So, after breakfast we loaded up on the bus and departed to meet our tour guide, Brian, just a few blocks from our hotel.  We picked up Brian and he started off right away with his bus tour intro and speech.  And WoW, he was fabulous!!!  By far the best tour guide I’ve ever had – he was so knowledgeable about every building we passed and could talk for hours about Parisian history and art.  He was full of random facts and jokes and definitely helped make history come alive for the kids.  I asked so many questions, too!  We all loved him. Later, I will put up pictures and descriptions of many of the places we passed and talked about so be looking for that in the coming days.  About halfway through our bus tour, we stopped at a small café (Le Vauban) for coffee (caffe) and toilets, which was just across the street from Napoleon’s resting place, (Musée de l’Armée in the Hôtel National des Invalides – the Army Museum section of The National Residence of the Invalids).  Pretty stinkin’ cool.  I had a caffe au lait (coffee with milk) and enjoyed every second of the cooler weather.  
Hotel National des Invalides, where Napoleon Bonaparte has been laid to rest


We boarded the bus again and made our way to our next stop – near the opera house.  You know, the one that inspired The Phantom of the Opera?  Yeah, that one.  I didn’t go inside because we were taking a tour of a perfume museum. 

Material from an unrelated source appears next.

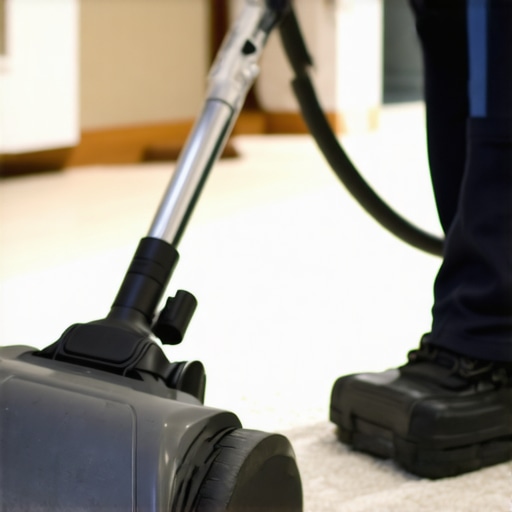 Professional equipment performing deep carpet cleaning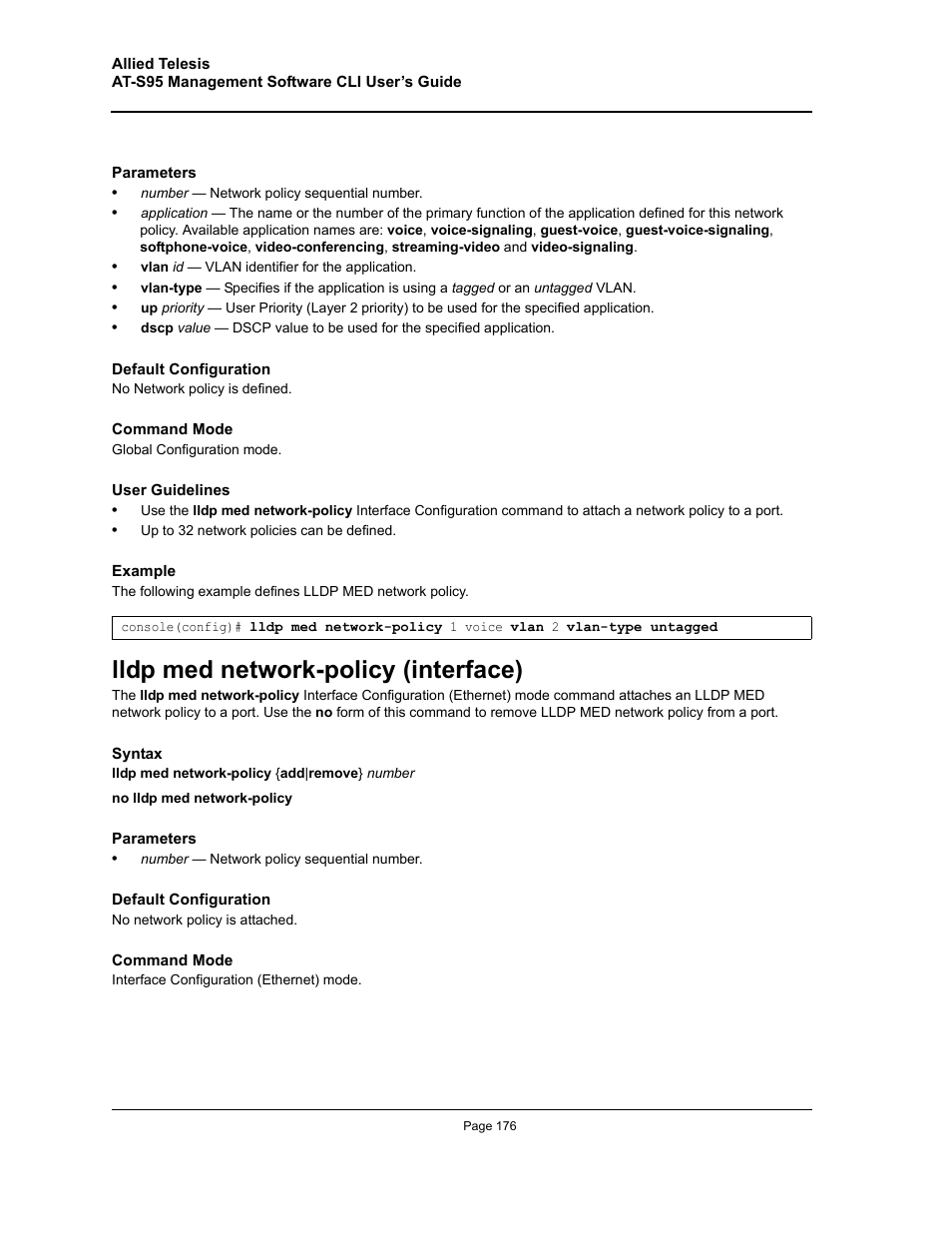 Lldp med network-policy (interface) | Allied Telesis AT-S95 CLI User Manual | Page 176 / 392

Hold up.  Did you just say perfume?
Yes.
But Aimee, you’re highly allergic to perfume.  As in, you puff up and get really bad rashes and hives and redness and ick when even a little bit touches your skin.
Again, yes.
So… why the museum?
  1. History
  2. France is famous for their perfume
  3. It was something different

Now, I didn’t WEAR the perfume and I tried really hard, when they gave you the smelling stick, to grab the end that DIDN’T have the smell and I didn’t have a problem.  It was fascinating, though, the museum.  I had always wondered why perfume was so freaking expensive – and I found out why.  Basically, they take flowers, pulverize them, take the juice and then separate it in a special bottle.  During that time, the oil will rise to the top and the water will sink to the bottom.  Perfume, or parfum, is the oil that is on the top and it takes hundreds of pounds of flowers to make one bottle of perfume.  ONE bottle!  And the bottles come in different sizes.  The cheapest one, the “travel size” one, was 29€.  I also learned that perfume hates light, humidity, and heat.  Which means, ladies, that if you rub your wrists together when you put perfume on, then you’re actually ruining the scent and making it not last nearly as long as it would if you just dabbed a little on.  You’re supposed to put it on your wrists, yes, as well as behind your ears, but you NEVER rub wrists together.  Never.  After that, I visited the gift shop, of course, and made out with some great stuff.  If I had had time for the opera house, I would have loved to go inside.  If I ever make it back to Paris, I think that will be one stop I’ll be making.  The history and the inspiration of the Phantom won’t be too good to pass up the next time.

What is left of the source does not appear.